:: MATERIAL FOR THIS EXERCISE
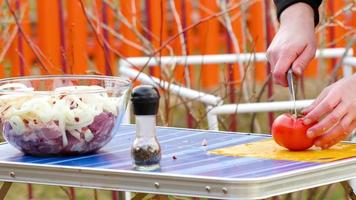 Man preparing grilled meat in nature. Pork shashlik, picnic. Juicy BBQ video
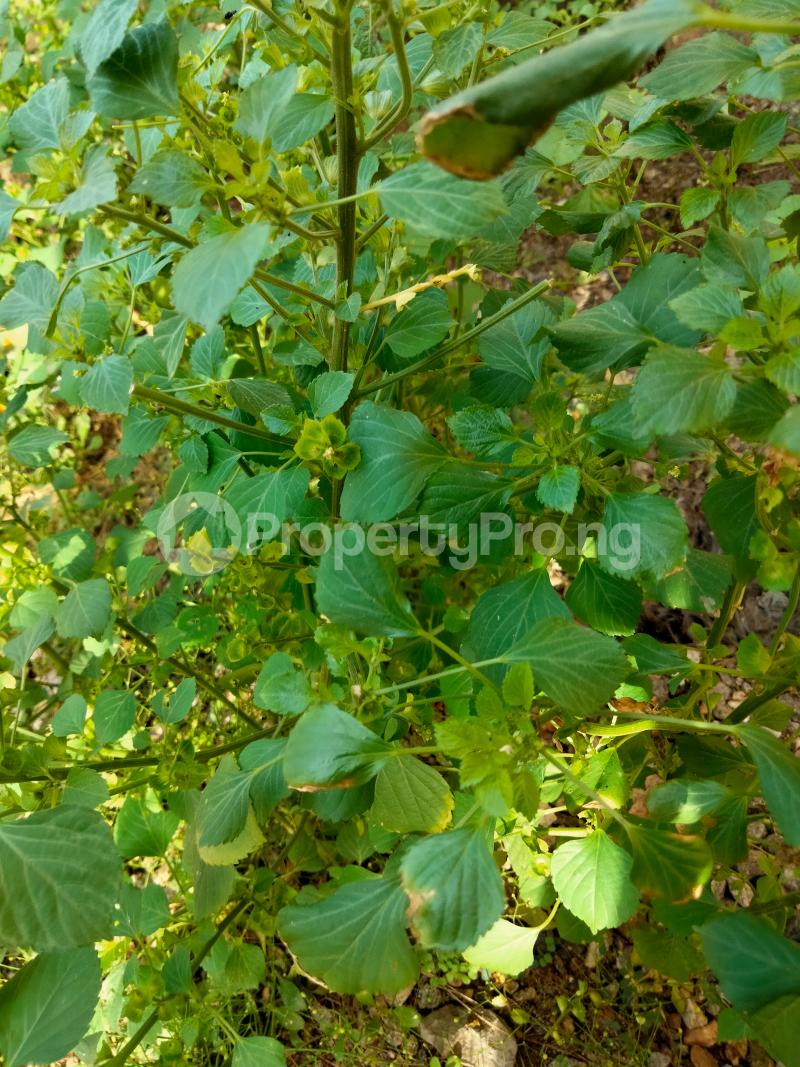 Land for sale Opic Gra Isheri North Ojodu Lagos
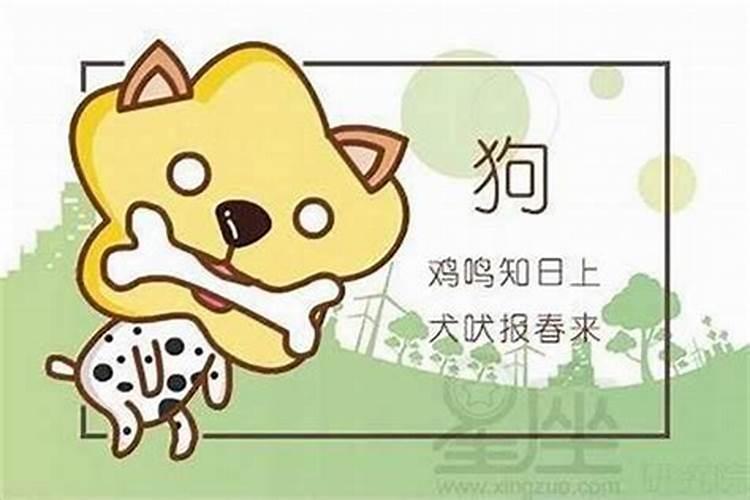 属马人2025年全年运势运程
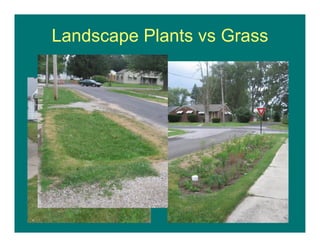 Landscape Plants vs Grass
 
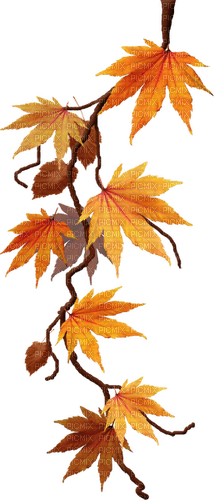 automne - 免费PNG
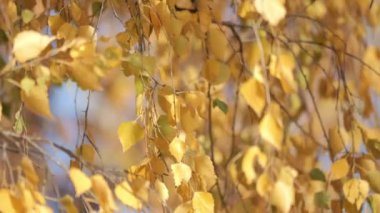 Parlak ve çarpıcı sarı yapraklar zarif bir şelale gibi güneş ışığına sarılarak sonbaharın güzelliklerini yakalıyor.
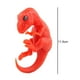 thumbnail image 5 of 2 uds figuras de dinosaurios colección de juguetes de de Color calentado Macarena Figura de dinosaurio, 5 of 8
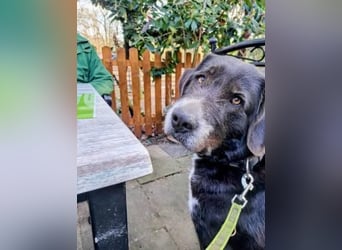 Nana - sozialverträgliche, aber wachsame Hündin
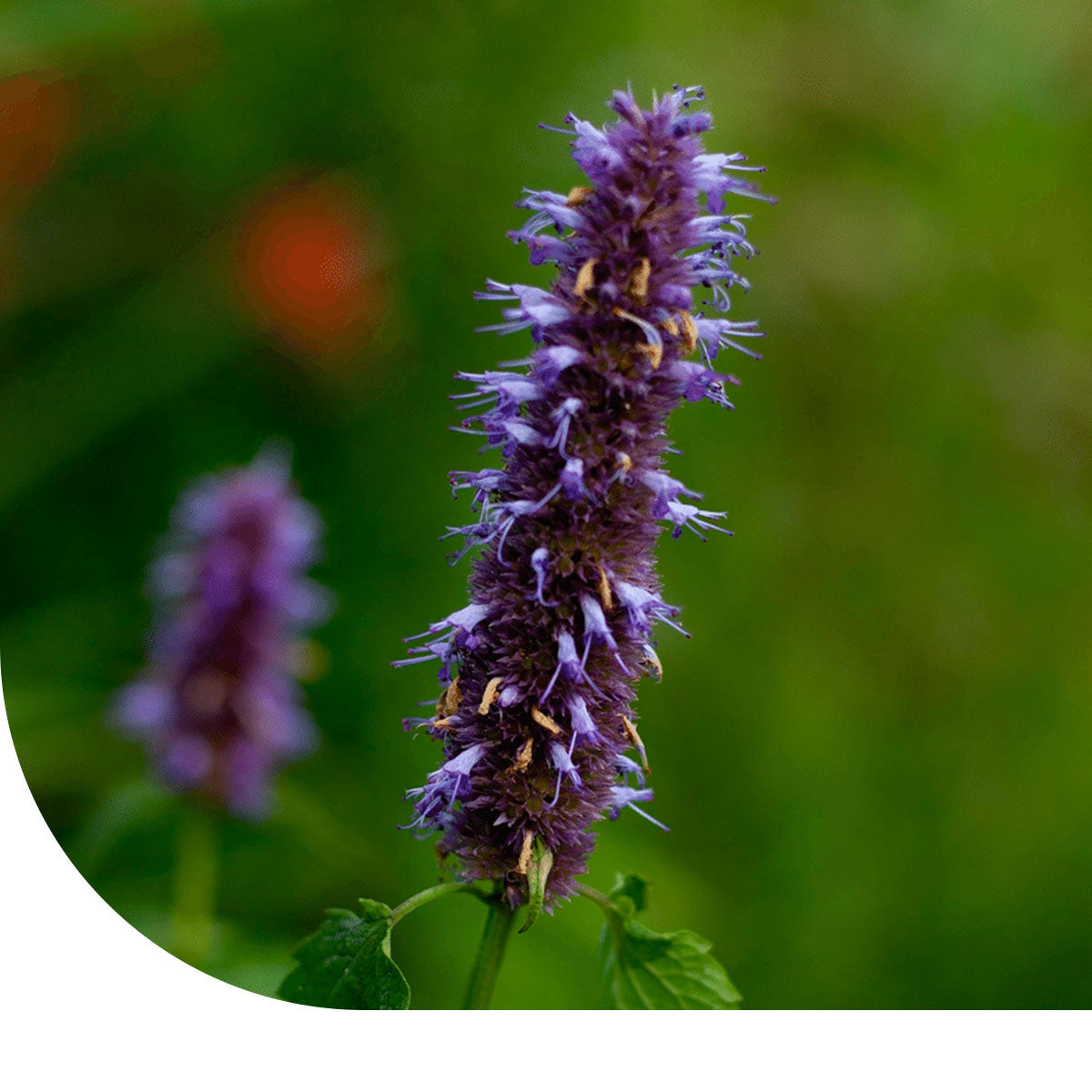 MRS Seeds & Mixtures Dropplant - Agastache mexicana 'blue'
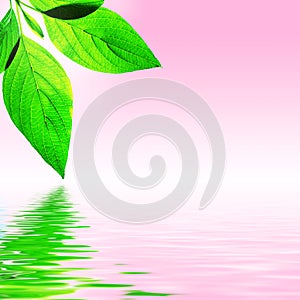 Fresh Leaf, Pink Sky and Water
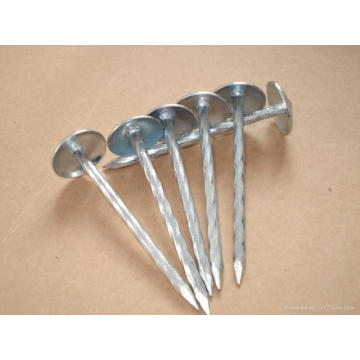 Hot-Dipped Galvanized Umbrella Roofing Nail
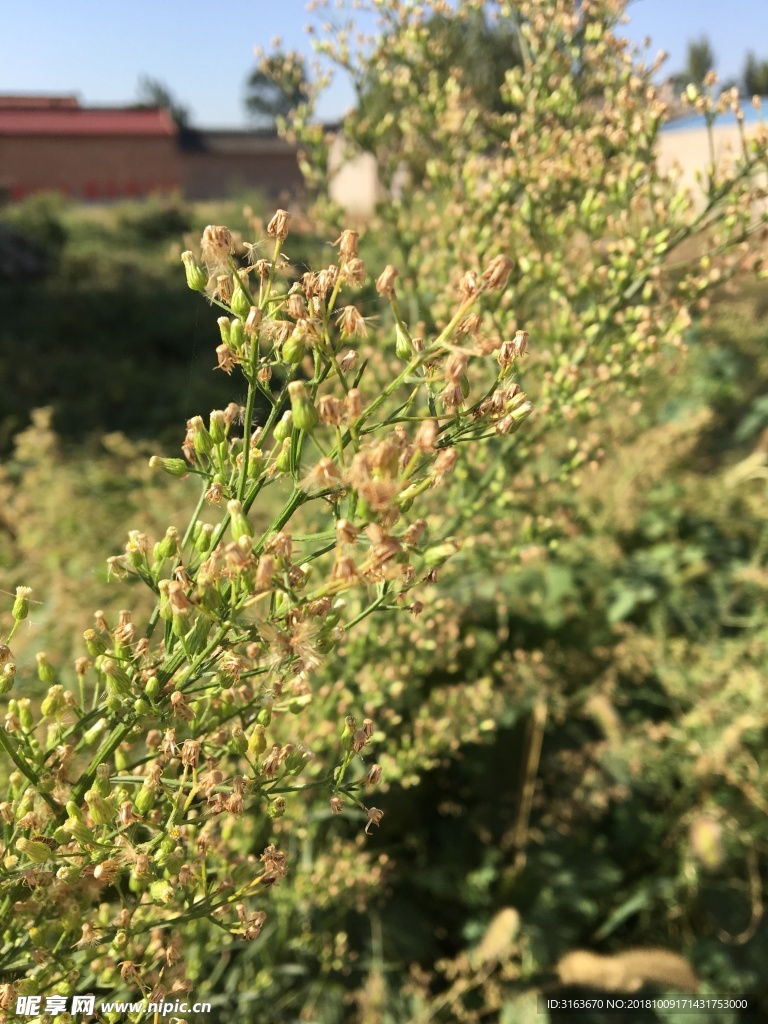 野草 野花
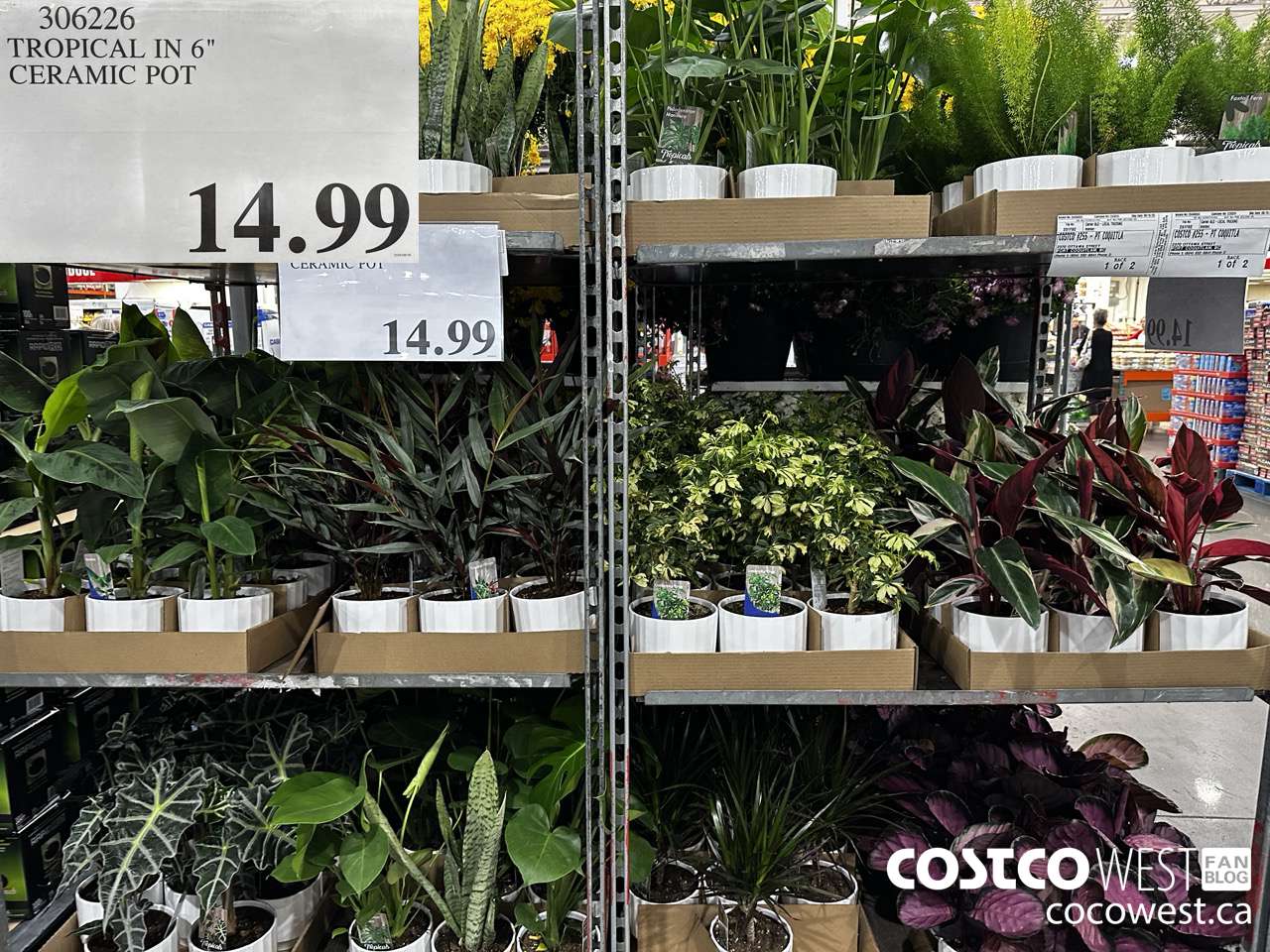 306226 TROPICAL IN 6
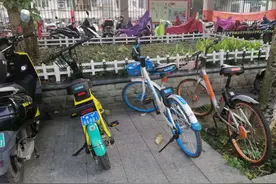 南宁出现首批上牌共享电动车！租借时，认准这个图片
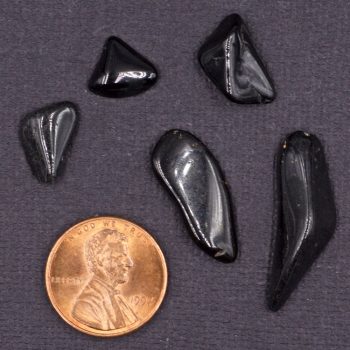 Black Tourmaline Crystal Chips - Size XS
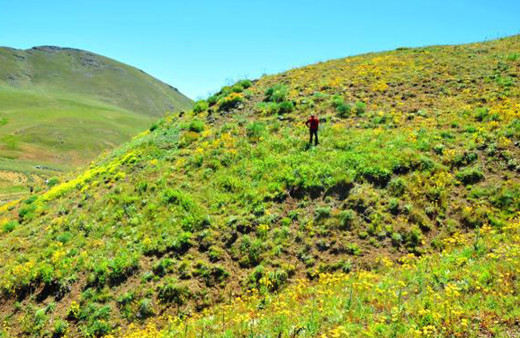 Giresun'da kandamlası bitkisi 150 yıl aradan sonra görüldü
::::
— HOW TO COMPLETE THIS TASK —
Nothing but the lines from the one holding "Landscape Plants vs Grass" through the last line of the entries should be written out, exactly and inclusively, minus the pictures.

— SOLVED PROBLEM —
 Landscape Plants vs Grass
 
 automne - 免费PNG
 Parlak ve çarpıcı sarı yapraklar zarif bir şelale gibi güneş ışığına sarılarak sonbaharın güzelliklerini yakalıyor.
 thumbnail image 5 of 2 uds figuras de dinosaurios colección de juguetes de de Color calentado Macarena Figura de dinosaurio, 5 of 8
 Nana - sozialverträgliche, aber wachsame Hündin
 MRS Seeds & Mixtures Dropplant - Agastache mexicana 'blue'
 Fresh Leaf, Pink Sky and Water
 Hot-Dipped Galvanized Umbrella Roofing Nail
 野草 野花
 306226 TROPICAL IN 6
 南宁出现首批上牌共享电动车！租借时，认准这个图片
 Black Tourmaline Crystal Chips - Size XS
 Giresun'da kandamlası bitkisi 150 yıl aradan sonra görüldü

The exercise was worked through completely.